Il Brasile voleva liberarsi di un ingombrante “ospite”, l’Italia aveva bisogno di un ennesimo capro espiatorio e la Bolivia “ha fatto il favore” di facilitare il tutto. Tutta questa vicenda è allarmante perché con clangore di tromba ogni genere di appello allo stesso diritto liberale è stato reso impossibile. In questo quadro si inserisce anche il travisamento ad arte della cosiddetta “dottrina Mitterand”, che ha consentito a molti protagonisti della stagione della lotta armata di sottrarsi alle leggi speciali emanate in Italia negli anni ottanta. Quando François Mitterand rifiutava l’estradizione di molte persone ed offriva loro rifugio, non lo faceva, come oggi sostengono in tanti – partendo da quel personaggio disgustoso che è Matteo Salvini (ma non è il solo, e questo è ben più grave) – per una sorta di “complicità” francese con i gruppi armati dell’estrema sinistra in Italia, ma perché le leggi speciali erano una distorsione giuridica che ha messo in discussione il diritto di difesa, la presunzione di innocenza ed ha introdotto reati di opinione. Tutto questo era inaccettabile giuridicamente dalla Francia e François Mitterand (che certo non era un estremista, né era estraneo a molte pagine nere della storia francese) altro non ha fatto che dare priorità al diritto invece che alla vendetta pura e semplice.
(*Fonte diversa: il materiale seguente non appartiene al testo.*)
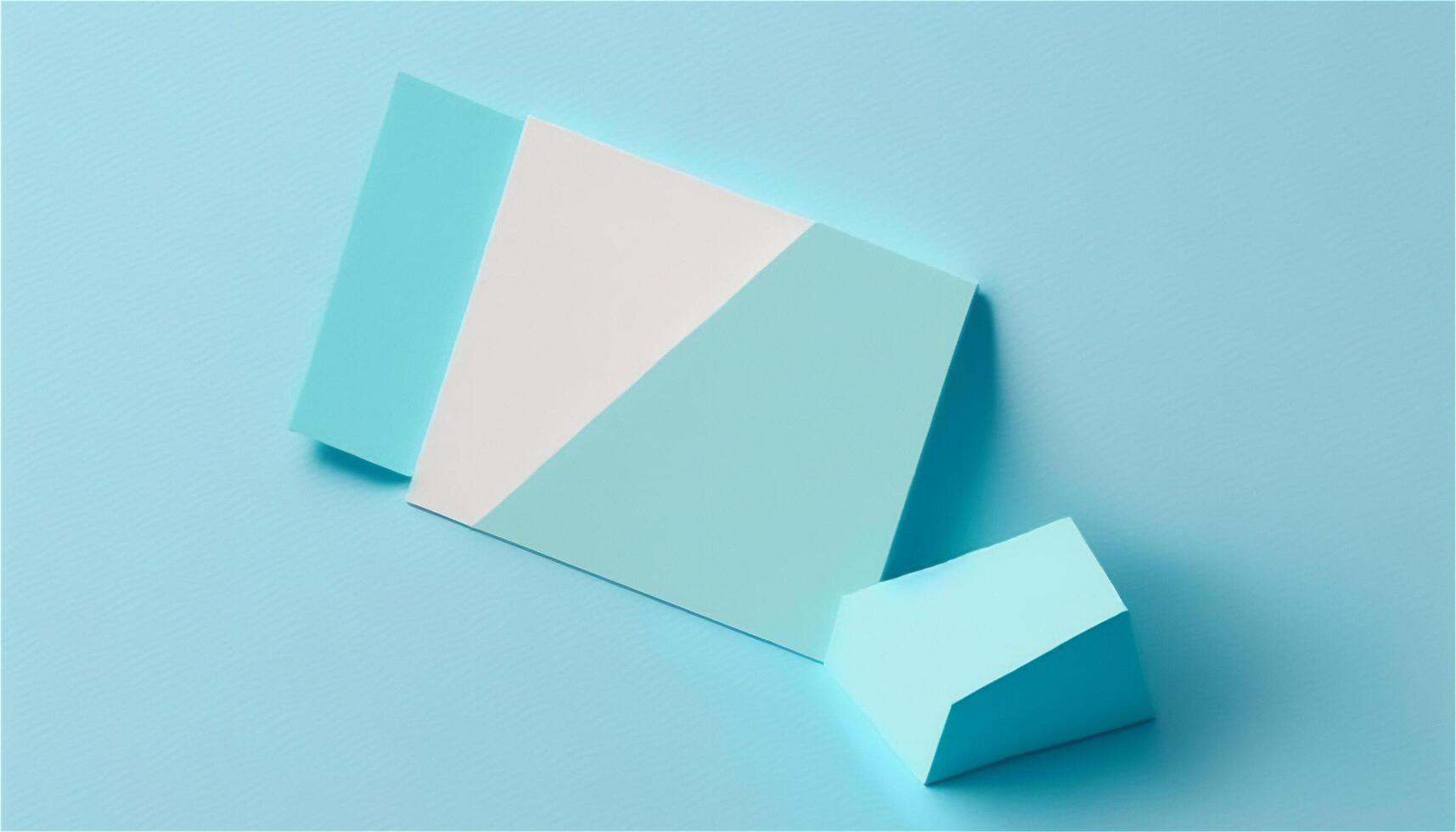 pastel blauw leeg papier structuur achtergrond sjabloon, banier voor reclame. rechthoekig meetkundig vormen. kopiëren ruimte. ruimte voor tekst. ai gegenereerd. foto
Oggi sbandierare l’arresto di Cesare Battisti come “solo l’inizio” è una minaccia esplicitamente fatta dal ministro degli interni italiano verso tutti noi che ancora pensavamo di poterci appellare almeno al diritto liberale, già molte volte calpestato ed ignorato. Ovviamente, per fare questa considerazione non è necessario condividere oggi o averlo fatto in passato il progetto politico, tantomeno i metodi per realizzarlo, in cui credeva Cesare Battisti. Siamo convinti che la storia non si possa processare, senza per questo voler assolvere nessuno dalle proprie responsabilità individuali, neanche Cesare Battisti. I bilanci storici e politici sono indispensabili per riacquistare quella consapevolezza necessaria per non commettere vecchi errori e perché il nostro presente, ma ancor più il nostro futuro, non sia costruito sulle scorciatoie e sui capri espiatori. (c.n.)